A further potential delay was that Kath had to go home on Wednesday afternoon for an unavoidable appointment. Luckily we found a volunteer to crew us through the locks that day. Adele, Neil's former boss from Surrey CC was persuaded to join us and put in a hard days locking, having had no previous experience at all. Watching her helping us in the morning we wondered how she would manage in the afternoon without Kath's help. However, we needn't have worried and she rose valiantly to the challenge, working nine heavy locks in very warm conditions. I confess a certain satisfaction to having her work for me after the years I worked for her! Here she is pulling her weight -
2. Snakes (well one snake anyway)
This grass snake was writhing its way up the canal as we approached the M25 . Actually it was very close to the spot where I saw a mink on our last trip. It just goes to show you don't have to go to the wilderness to see wildlife.

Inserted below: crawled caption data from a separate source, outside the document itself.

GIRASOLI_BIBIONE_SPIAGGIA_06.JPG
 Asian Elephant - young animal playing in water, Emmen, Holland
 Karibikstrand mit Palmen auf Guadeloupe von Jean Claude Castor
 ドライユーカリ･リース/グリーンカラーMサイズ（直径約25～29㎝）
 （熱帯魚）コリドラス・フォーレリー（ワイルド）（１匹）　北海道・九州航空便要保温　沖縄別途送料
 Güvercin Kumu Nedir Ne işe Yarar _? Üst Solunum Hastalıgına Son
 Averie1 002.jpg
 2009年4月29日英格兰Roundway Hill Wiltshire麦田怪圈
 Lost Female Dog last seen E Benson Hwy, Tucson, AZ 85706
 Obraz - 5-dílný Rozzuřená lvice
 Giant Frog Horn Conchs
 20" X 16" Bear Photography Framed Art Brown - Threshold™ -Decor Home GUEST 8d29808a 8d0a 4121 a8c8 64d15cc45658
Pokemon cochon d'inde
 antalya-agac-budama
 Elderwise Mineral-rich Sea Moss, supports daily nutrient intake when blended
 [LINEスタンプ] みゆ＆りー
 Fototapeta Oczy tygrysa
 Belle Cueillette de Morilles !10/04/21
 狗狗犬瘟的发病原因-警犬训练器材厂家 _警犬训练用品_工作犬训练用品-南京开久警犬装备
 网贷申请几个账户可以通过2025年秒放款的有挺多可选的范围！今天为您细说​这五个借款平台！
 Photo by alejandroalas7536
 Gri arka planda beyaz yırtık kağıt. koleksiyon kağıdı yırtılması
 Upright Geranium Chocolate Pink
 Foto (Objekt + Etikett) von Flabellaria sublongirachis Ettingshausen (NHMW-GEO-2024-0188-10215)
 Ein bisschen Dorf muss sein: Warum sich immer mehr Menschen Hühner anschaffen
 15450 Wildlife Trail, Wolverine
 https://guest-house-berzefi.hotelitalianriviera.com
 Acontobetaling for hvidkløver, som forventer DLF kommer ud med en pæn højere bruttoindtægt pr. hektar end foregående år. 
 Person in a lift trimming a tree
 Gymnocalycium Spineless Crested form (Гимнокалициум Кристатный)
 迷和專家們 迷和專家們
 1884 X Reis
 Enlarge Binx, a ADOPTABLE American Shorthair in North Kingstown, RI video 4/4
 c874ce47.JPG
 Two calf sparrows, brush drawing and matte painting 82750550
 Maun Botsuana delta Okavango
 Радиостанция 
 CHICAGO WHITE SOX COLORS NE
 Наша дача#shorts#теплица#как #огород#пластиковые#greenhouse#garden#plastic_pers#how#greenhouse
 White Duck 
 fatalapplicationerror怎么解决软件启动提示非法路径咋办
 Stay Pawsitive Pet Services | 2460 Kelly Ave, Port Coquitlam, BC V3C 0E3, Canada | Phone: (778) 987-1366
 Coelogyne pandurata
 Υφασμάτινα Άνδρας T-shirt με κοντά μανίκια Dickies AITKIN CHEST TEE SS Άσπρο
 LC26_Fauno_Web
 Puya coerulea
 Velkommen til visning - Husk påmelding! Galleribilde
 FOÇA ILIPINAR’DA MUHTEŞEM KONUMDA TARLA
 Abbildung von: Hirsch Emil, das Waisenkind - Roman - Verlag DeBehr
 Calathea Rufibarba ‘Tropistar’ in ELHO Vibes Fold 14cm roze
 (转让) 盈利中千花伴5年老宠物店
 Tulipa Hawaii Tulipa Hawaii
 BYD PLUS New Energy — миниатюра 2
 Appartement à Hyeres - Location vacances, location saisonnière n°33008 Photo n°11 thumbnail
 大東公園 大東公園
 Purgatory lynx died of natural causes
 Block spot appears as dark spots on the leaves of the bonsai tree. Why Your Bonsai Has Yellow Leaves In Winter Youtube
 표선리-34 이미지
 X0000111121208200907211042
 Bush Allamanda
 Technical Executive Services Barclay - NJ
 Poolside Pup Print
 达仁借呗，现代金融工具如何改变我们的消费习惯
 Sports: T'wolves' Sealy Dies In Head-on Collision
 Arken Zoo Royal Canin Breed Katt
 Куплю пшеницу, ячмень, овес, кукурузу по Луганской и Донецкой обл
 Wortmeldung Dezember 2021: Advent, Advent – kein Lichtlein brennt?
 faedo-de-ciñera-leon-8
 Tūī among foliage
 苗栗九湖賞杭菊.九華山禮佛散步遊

The snake would have made a nice meal for one of the many herons we saw, our favourite being the resident heron at Berkhamsted lock. He takes no notice of boats at all, or the passing commuters over the bridge.
3. Dry docking
Thanks to Adele's help earlier on we arrived at Bulbourne in plenty of time for our dry dock appointment, and that evening we walked down the superb Marsworth lock flight to the Anglers Rest for a meal and a pint. Walking back up in the sunset was incredibly beautiful looking out over the reservoirs and all their wildfowl. A more perfect evening would be hard to find. Naturally I didn't have the camera with me! Next morning we had an extra treat to be surrounded by loads of large carp basking in the warm water, and spent some time feeding them bread.
Just after nine o'clock Herbie went into the dock and we had a nervous couple of hours wondering what they would find when they pressure washed the hull. We needn't have worried, because when we returned Ben at the dock pronounced the conditions of the starboard side as "good" and the port side as "very good", as were the anodes. Here's Herbie in the dock, prior to washing. The two coats of blacking could now go on. However the tiller/ rudder bearing was a bit worn so we decided to have that refurbished (not a big job). While we were in a spending mood I also asked Jem the owner of the dock to attend to the oil leak from Herbie's engine, so is going to fit a new sump gasket.
And so we abandoned Herbie to await her overhaul and set off for home by road. Next weekend we'll go and mover her to await our visit to the nearby Tring Canal Festival on Bank Holiday weekend.